Established 1986, London's bilingual Japanese and English property agency. Decades of experience supporting Japanese corporate expatriates with letting, sales and property management.

If you are letting a property in London and trying to work out what you can ask for at the start of a tenancy, the deposit is usually the first figure people reach for. The good news is that the rules here are clear and have not been rewritten by the Renters' Rights Act 2025. The cap on what you can take is set by the Tenant Fees Act 2019, and that remains in place. What has changed is the wider tenancy framework around the deposit, and a few habits that landlords used to rely on are no longer available. This guide sets out the limits plainly and points to the things that quietly catch people out.
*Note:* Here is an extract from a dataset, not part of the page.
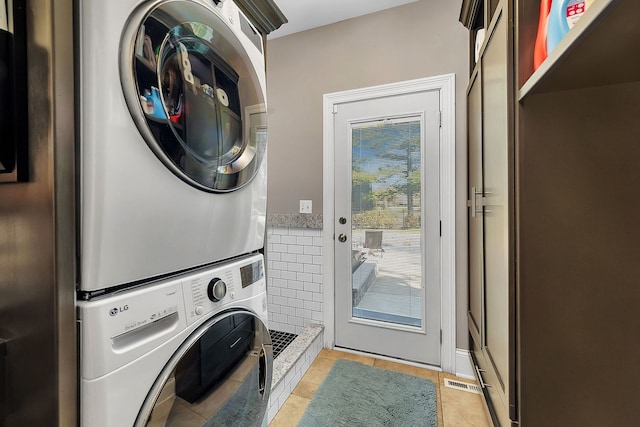 clothes washing area featuring light tile patterned floors, laundry area, visible vents, and stacked washer / drying machine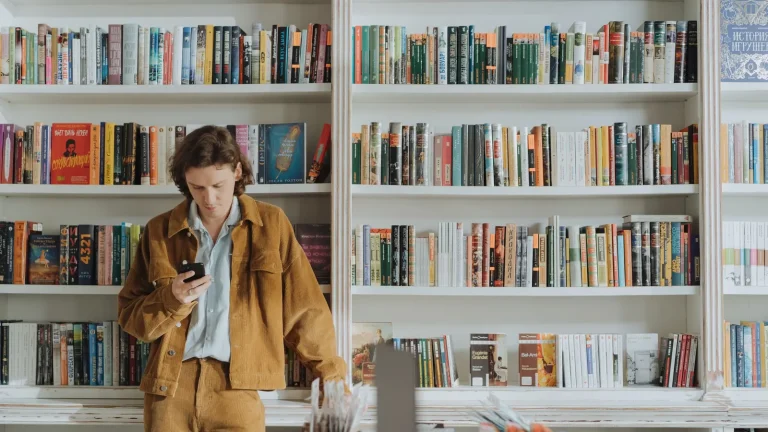 Un jeune consulte son smartphone au milieu des rayonnages d'une librairie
The deposit cap depends on the annual rent

There are two figures to know. Where the annual rent is under £50,000, the maximum security deposit you can take is five weeks' rent. Where the annual rent is £50,000 or more, the maximum is six weeks' rent. The threshold is the yearly rent, not the monthly figure, so it is worth doing the arithmetic carefully before you agree anything with a tenant.

To convert a monthly rent into a weekly figure for the cap, multiply the monthly rent by 12 and divide by 52. Round down rather than up if you want to stay comfortably inside the limit. Taking more than the cap is not a grey area; it is a breach, and it can affect your ability to recover possession later, so it pays to get the number right at the outset.

A holding deposit is a separate, smaller figure

Before the tenancy itself begins, you may take a holding deposit to reserve the property while references are carried out. This is capped at one week's rent and is distinct from the security deposit. It is the only other payment of this kind the law permits at this stage. Under the Tenant Fees Act 2019 you cannot charge tenants for referencing, administration or other set-up fees, so the holding deposit and the security deposit are effectively the whole picture.

If the tenancy goes ahead, the holding deposit is normally put towards the first rent or the deposit. If it does not go ahead, the rules on when you may retain it are specific, and you should follow them rather than assume the money is yours to keep.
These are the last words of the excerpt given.